Posted on 03/10/2023 12:06:24 AM PST by marktwain

Maj Toure gets straight to the point. “Does anyone have any gun trauma?” he asked. “Anyone have any PTSD with guns before I take mine out?”

He stood before three slightly damp people who were shaking their heads no. Two women and a teenage boy had arrived at Toure’s Solutionary Center, a nonprofit focused on combating crime, during a downpour on a Saturday afternoon in December for a private class on guns and the Second Amendment.

In 2016, Toure founded Black Guns Matter, a Philadelphia-based gun rights advocacy and education group focused on African Americans that offers free classes on everything from conflict resolution to yoga. People fly him around the country to speak. But teaching members of the Black community here in Philly how to use firearms to defend their life and liberty is his calling.

“There’s not a question that more Black people would be alive today if they had guns,” Toure told me.

Toure and his students are a part of the fastest growing — and most often ignored — segment of gun owners in the United States: Black Americans.

Between 2014 and 2021, the percentage of African American adults who own registered firearms nearly doubled — from 14% to 24%. And, according to industry figures, gun purchases by Black Americans spiked nearly 60% from the first half of 2019 to the same period in 2020.

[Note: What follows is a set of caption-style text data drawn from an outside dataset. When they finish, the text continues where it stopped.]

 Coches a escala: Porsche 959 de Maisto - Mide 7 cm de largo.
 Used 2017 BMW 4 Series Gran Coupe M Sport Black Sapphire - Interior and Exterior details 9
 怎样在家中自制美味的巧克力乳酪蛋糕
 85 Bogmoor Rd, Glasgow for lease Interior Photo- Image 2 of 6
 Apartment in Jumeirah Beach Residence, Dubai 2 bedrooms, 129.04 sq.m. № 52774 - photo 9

Over the last six months, I interviewed 14 Black gun owners in the greater Philadelphia area. These individuals welcomed me into their homes and communities. They showed off their guns and demonstrated their skill and prowess at using them.

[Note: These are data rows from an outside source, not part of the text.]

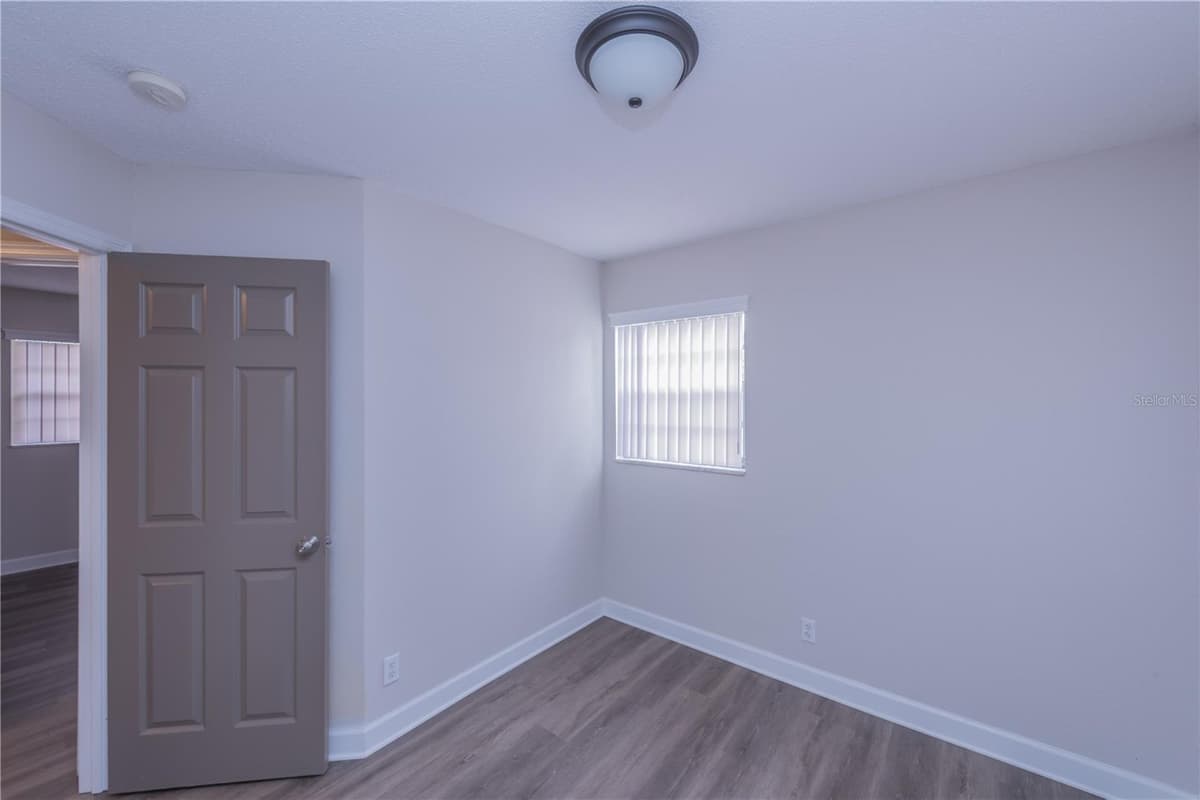445 WALNUT STREET — photo 17 of 23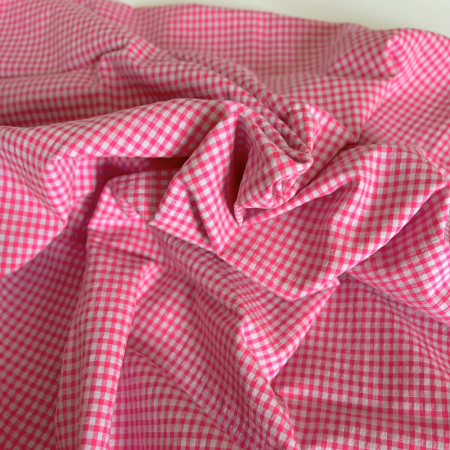 Seersucker / Coton gaufré vichy 3mm mini rose fluo Seersucker / Coton gaufré vichy 3mm mini rose fluo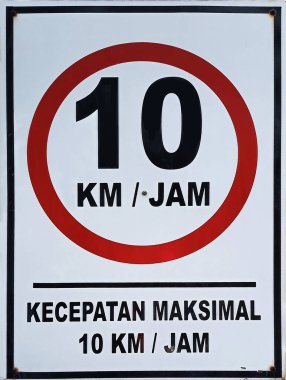 Endonezya 'da maksimum hız sınırı işareti 10 KM / JAM, Endonezya' dan en yüksek hız sınırı işareti saatte 10 kilometre hız, karayolu güvenliği ve trafik düzenlemesi için, kazaları önlemek için, tasarım beyaz arkaplan ile basittir 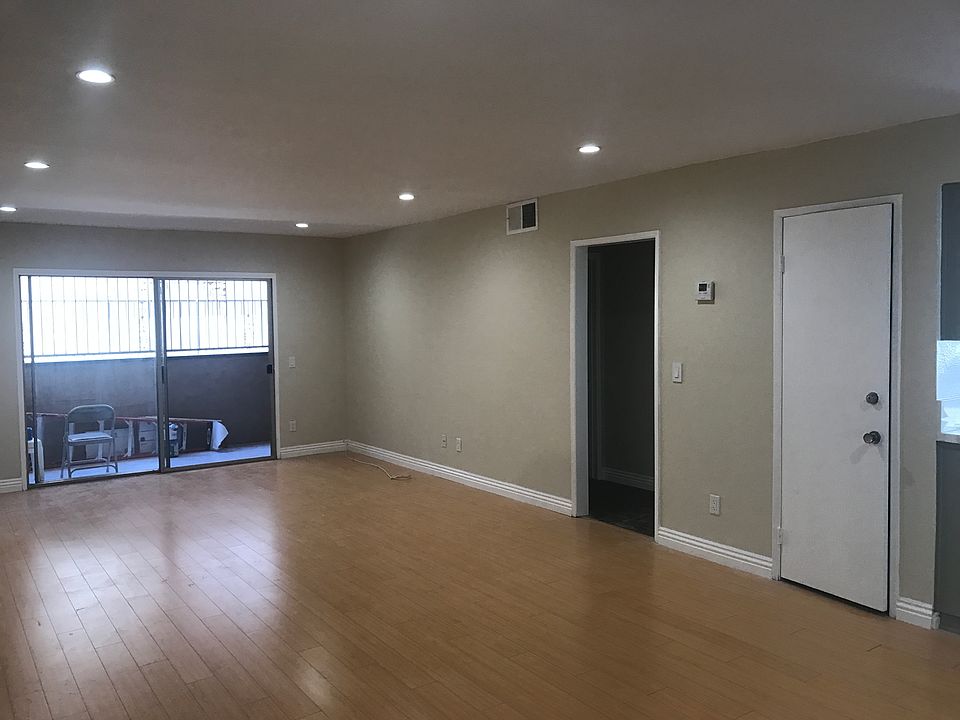 1st image of 330 N Jackson St APT 118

The gun owners that I spoke with said that they were furious at media stereotypes portraying them as thugs and criminals, devastated by the violence plaguing their communities, and disgusted by gun control measures they say can contribute to an even more dangerous society. A recurring theme among the Black gun owners with whom I spoke was this: They want people to understand they are American citizens exercising their constitutionally protected rights. They are not looking for a more violent society, just a freer one.

Gun ownership, they told me, is both a civil and human right. The history of gun control is rooted in racism — from the laws that prevented the formerly enslaved from owning firearms after the Civil War to the arbitrary denial of gun permits that persisted into the 20th century. Historically, gun control laws were used as a tool to deny Black people equal access to firearms. Seemingly innocuous gun control measures can disproportionately impact Black gun owners — especially women.

Tyekah Dixon never expected to find love at a gun range. But that’s where her now husband Tom took her on their first date in 2014. She was terrified of guns and skeptical of Tom. In 2005, she had lost her children’s godfather to gun violence.

Tom promised her safety and a new perspective. By date’s end, Tye’s views on guns (and on Tom) had changed.

Together, Tye and Tom, who are both Black, run Surplus Armé, a gun shop and tactical training center in Chester, Pa., a city where murders, rapes, assaults, and other crimes are 2.3 times greater than the national average. With a population of just over 32,000 people, more than 70% of Chester’s residents are Black.

“Before the pandemic you didn’t really see too many Black gun owners coming to purchase firearms. Then we got a huge turnaround,” Tye told me. “You saw a lot of Black people going out buying guns because they saw the violence increasing.”

Tom says people are safest when they are armed. “Gun control,” he told me, “pretty much leaves you defenseless because criminals will still have guns.”

If the dozen or so people streaming through Surplus Armé's door an hour after opening on a recent Saturday are any indication, the Dixons’ message has hit the mark.

Gun control laws at the state and federal level were historically used as a tool to deny Black people equal access to firearms. Many gun control laws continue to do that today, even if that is not their explicit intent.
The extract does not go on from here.